Caloric Restriction and Longevity Mutations

Interestingly, the researchers observed that transcription speed increased less significantly in animals subjected to caloric restriction—an intervention long known to extend lifespan. Similarly, animals with specific longevity-associated gene mutations also showed a reduction in transcription acceleration during aging.

Notably, the increase in transcription speed was widespread, affecting most genes rather than being limited to a few specific ones. This pattern suggested a systemic biological shift rather than a localized genetic defect.

Is Faster Transcription Causing Aging?

While accelerated transcription correlated with aging, the researchers needed to determine if it was merely a byproduct or an actual driver of cellular decline. To test this, they genetically modified fruit flies and nematodes to slow down their transcription rates by targeting RNA polymerase II, the enzyme responsible for transcription.

The results were profound: genetically slowing transcription extended the lifespan of these organisms by 10-20%, indicating a causal link between transcription speed and aging.

Why Does Faster Transcription Cause Harm?

The next critical question was why increased transcription speed would be detrimental. The answer seems to lie in the delicate balance between transcription and other cellular processes like RNA splicing and error correction.
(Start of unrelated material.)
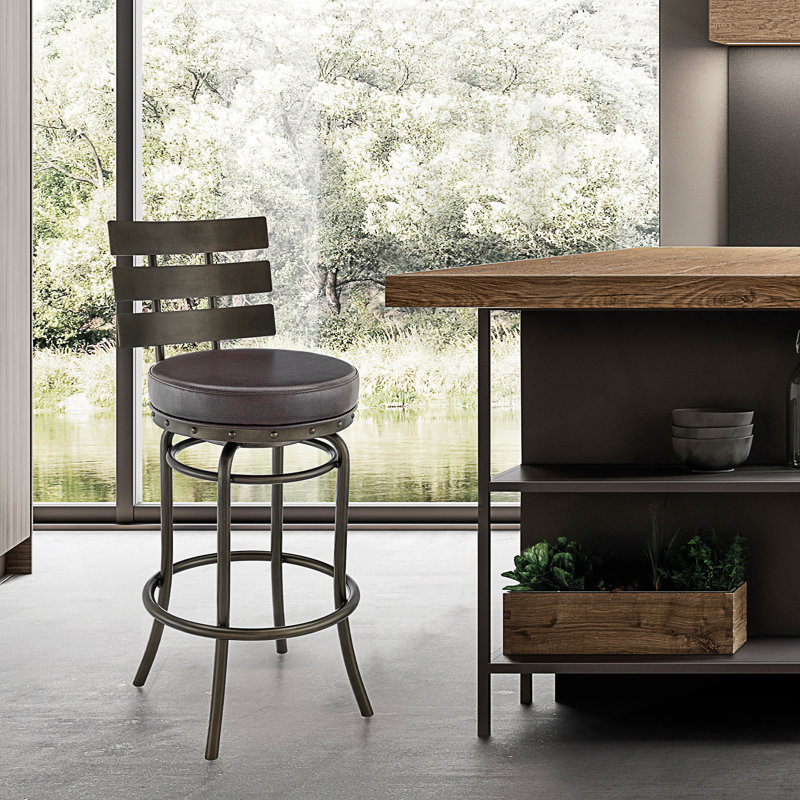 Tabouret de bar / de comptoir pivotant, Siège brun / cadre brun, Tabouret de comptoir (siège d'une hauteur de 26 p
Transcription is not a simple copying process—it involves complex steps, including splicing introns and correcting errors. When transcription speeds up but these downstream processes do not, errors accumulate. The researchers found that older cells showed:

• Increased RNA sequence errors.

• Reduced accuracy in intron removal.

• Higher rates of abnormal circular RNA formation, which can disrupt protein synthesis.
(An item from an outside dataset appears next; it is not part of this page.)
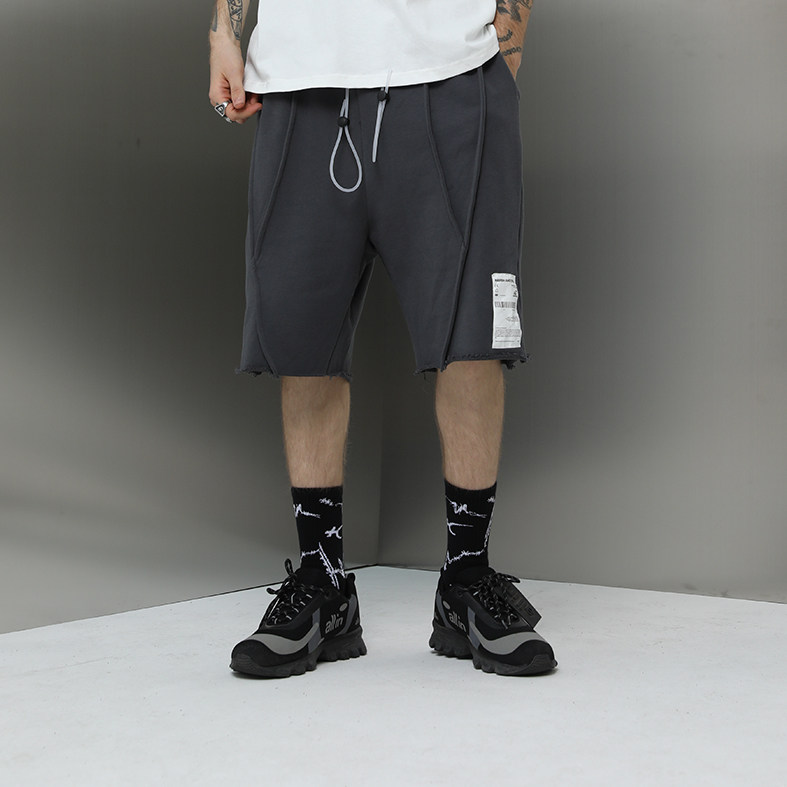 harshandcruel工业感杜邦纸标设计乳胶抽绳毛边短裤夏装中裤,男装,休闲裤,淘宝优惠券,粉丝福利购,淘宝优惠卷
These disruptions could impair protein production, compromising cell function and accelerating biological decline.

Why Does Transcription Accelerate with Aging?
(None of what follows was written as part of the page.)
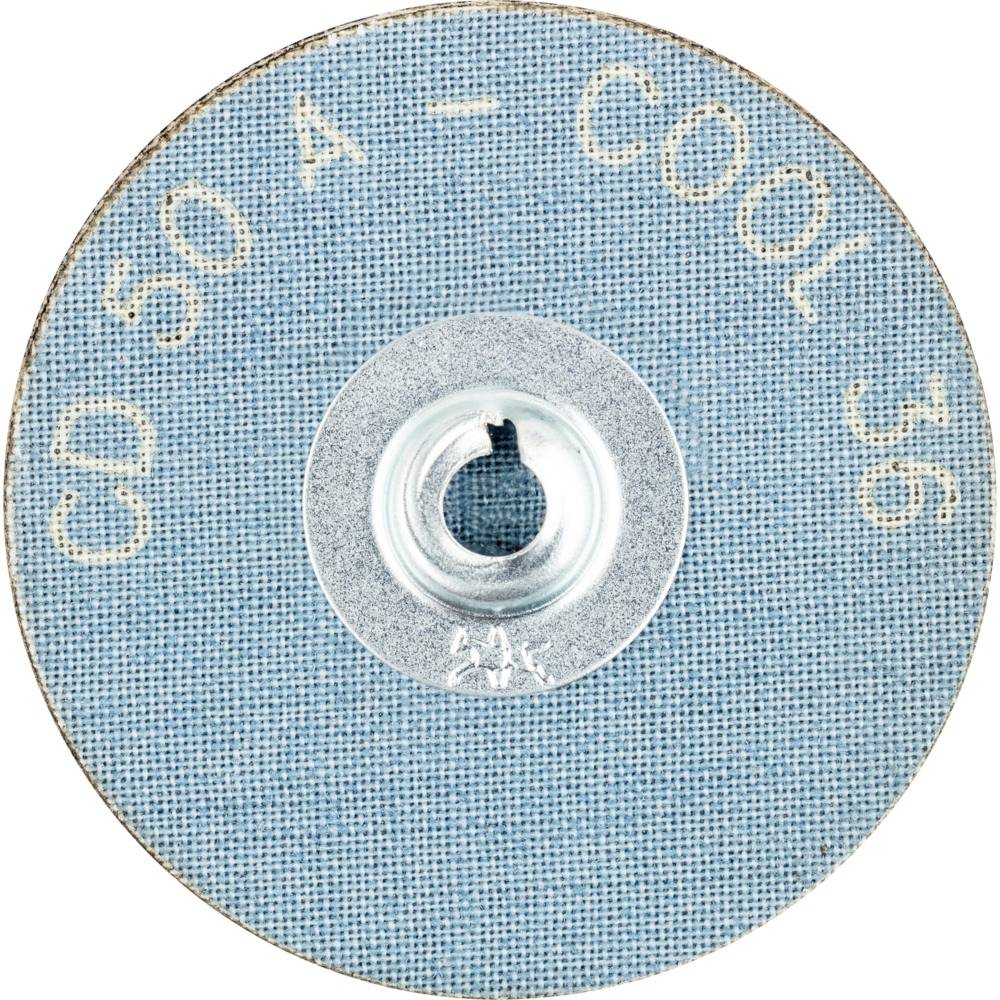 'CD 50 A - CO|CL 36' sur un disque abrasif rond bleu. Centre poinçonné triple fois pour la fixation d'outils.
The researchers hypothesized that structural changes in chromatin—the tightly packed form of DNA—might be the cause. Normally, DNA is wrapped around histone proteins to form a compact structure that controls gene accessibility and transcription rates.

In aging cells, this packaging appears to loosen, making genes more accessible and allowing transcription to speed up.

Further supporting this, the researchers found that histone H3 protein levels decreased significantly in aging cells. When they artificially increased H3 protein levels in both aging fruit flies and cell cultures, transcription speed slowed, and cellular aging was delayed.

Key Takeaways from the Study:

• Aging correlates with increased gene transcription speed across species.

• Faster transcription may disrupt cellular balance, leading to functional decline.

• Genetically slowing transcription can extend lifespan in model organisms.

• Loss of chromatin structure and histone proteins may be a primary cause of accelerated transcription during aging.

Unanswered Questions and Future Directions

While this study provides compelling insights, it also raises several unresolved questions:

1. Why Does Chromatin Degrade with Age?

   
   

   Is it due to cellular wear and tear, or could it be an actively regulated process?

2. Can Transcription Speed Be Safely Controlled?

   
   

   Could future therapies slow transcription in a controlled manner without harmful side effects?

3. Could Histone Therapy Be Viable?

   
   

   Since histone depletion is linked to increased transcription speed, could histone-modulating drugs offer a safe anti-aging strategy?

Conclusion: A New Lens on Aging Research

This groundbreaking study suggests that faster gene transcription may play a central role in the aging process, shifting the focus of anti-aging research toward controlling transcription rates. If further validated, this model could open new avenues for therapeutic interventions aimed at delaying age-related decline and extending healthy lifespan.